* [Description of the task]: Drop all images and give the records again exactly.

*** Opening Extracted records ***

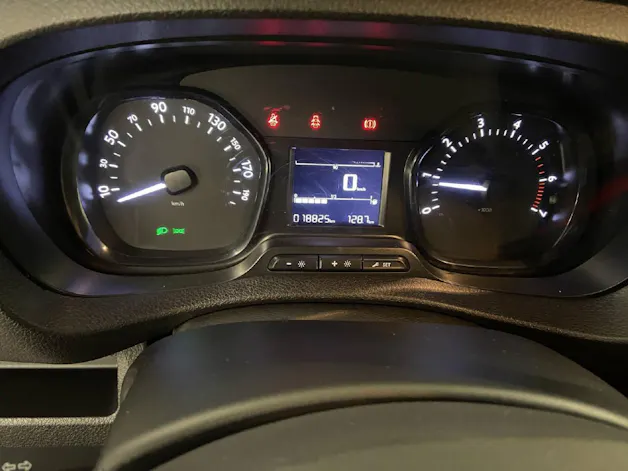 Peugeot Expert Kaw. Standard 1.5 BlueHDi
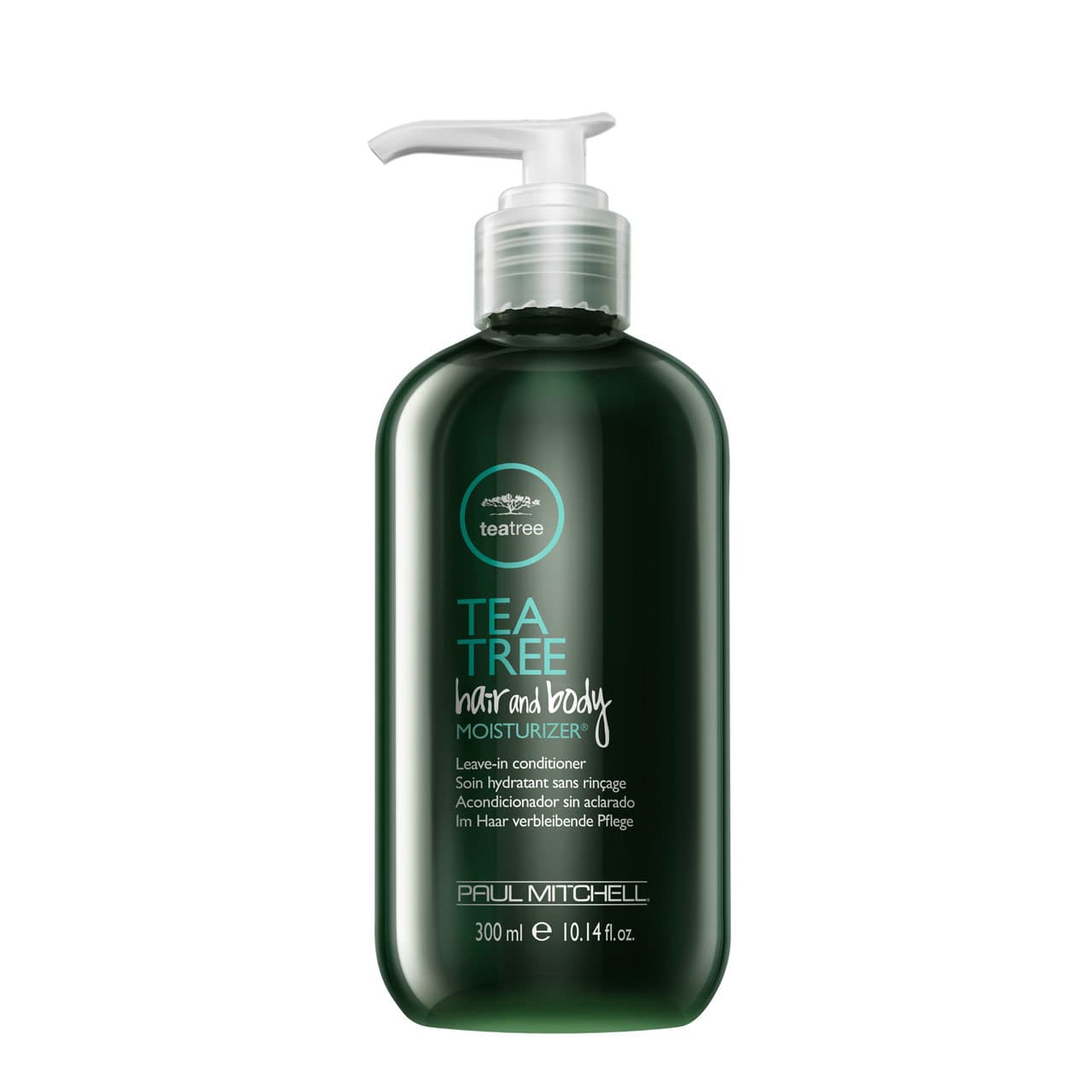Tea Tree Hair & Body Moisturizer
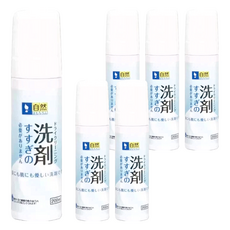 日本SP SAUCE 免水洗羽絨衣乾洗泡泡慕斯清潔劑 200ml, 6瓶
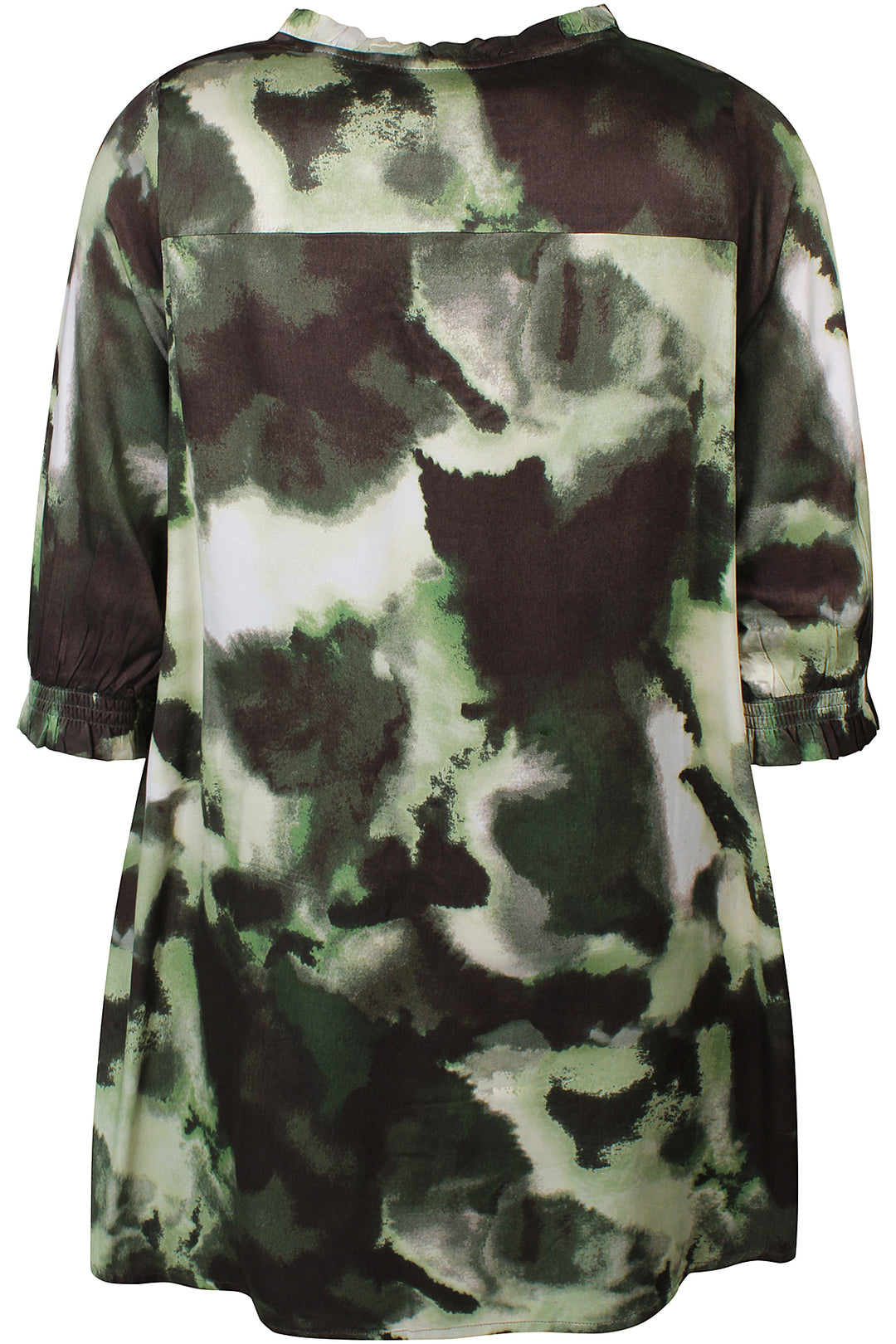 ZH - Anika 1204 - Tunic - Green
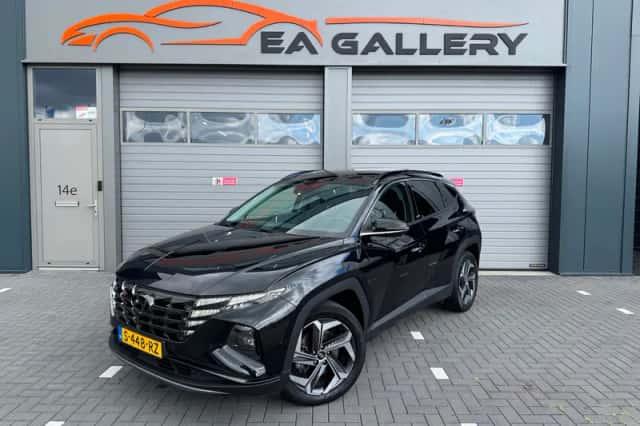 Hyundai Tucson (2023) thumbnail 1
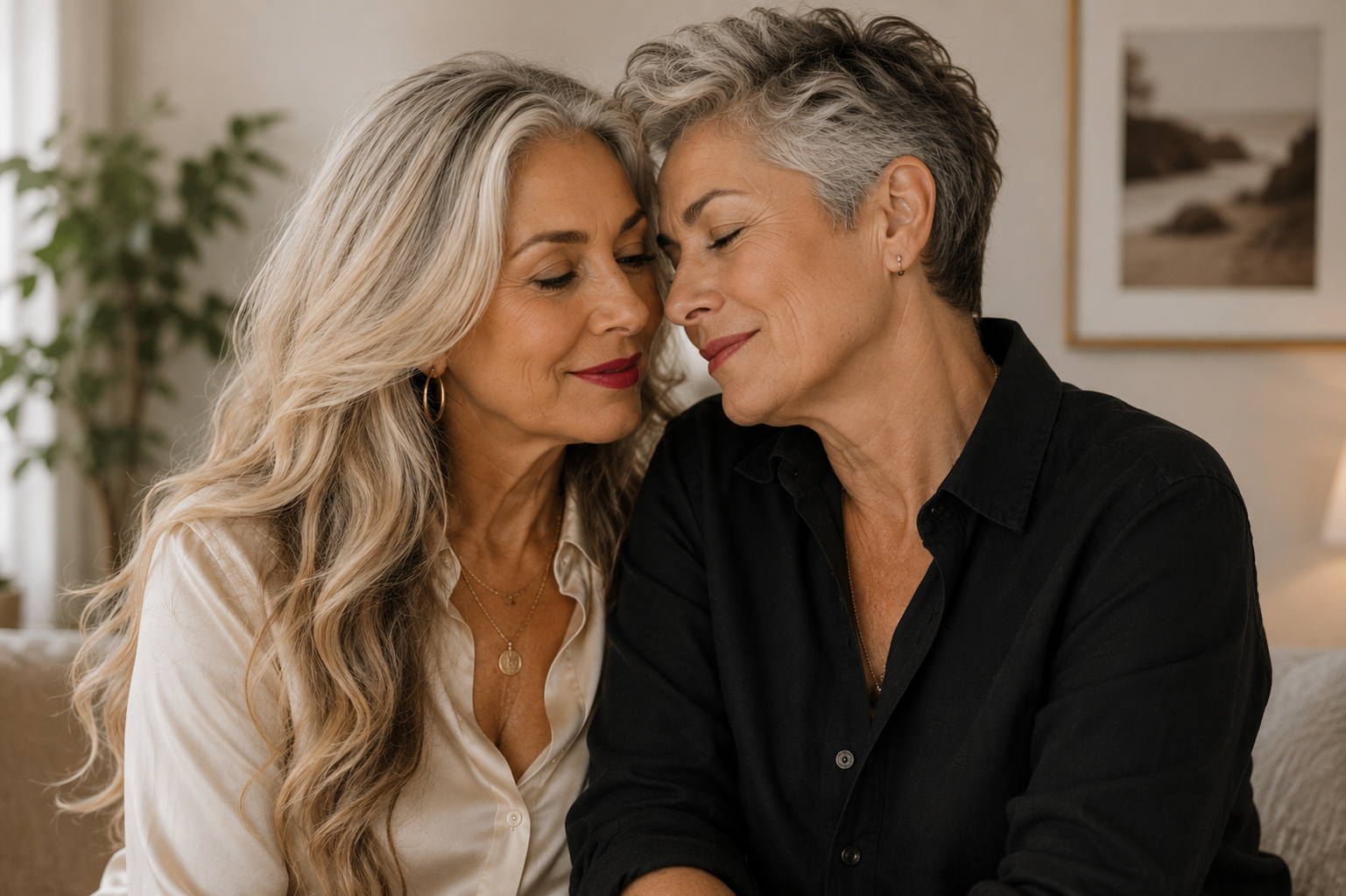 lipstick lesbians over 50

*** Closing Extracted records ***

* [Output of the exercise]:
 Peugeot Expert Kaw. Standard 1.5 BlueHDi
Tea Tree Hair & Body Moisturizer
 日本SP SAUCE 免水洗羽絨衣乾洗泡泡慕斯清潔劑 200ml, 6瓶
 ZH - Anika 1204 - Tunic - Green
 Hyundai Tucson (2023) thumbnail 1
 lipstick lesbians over 50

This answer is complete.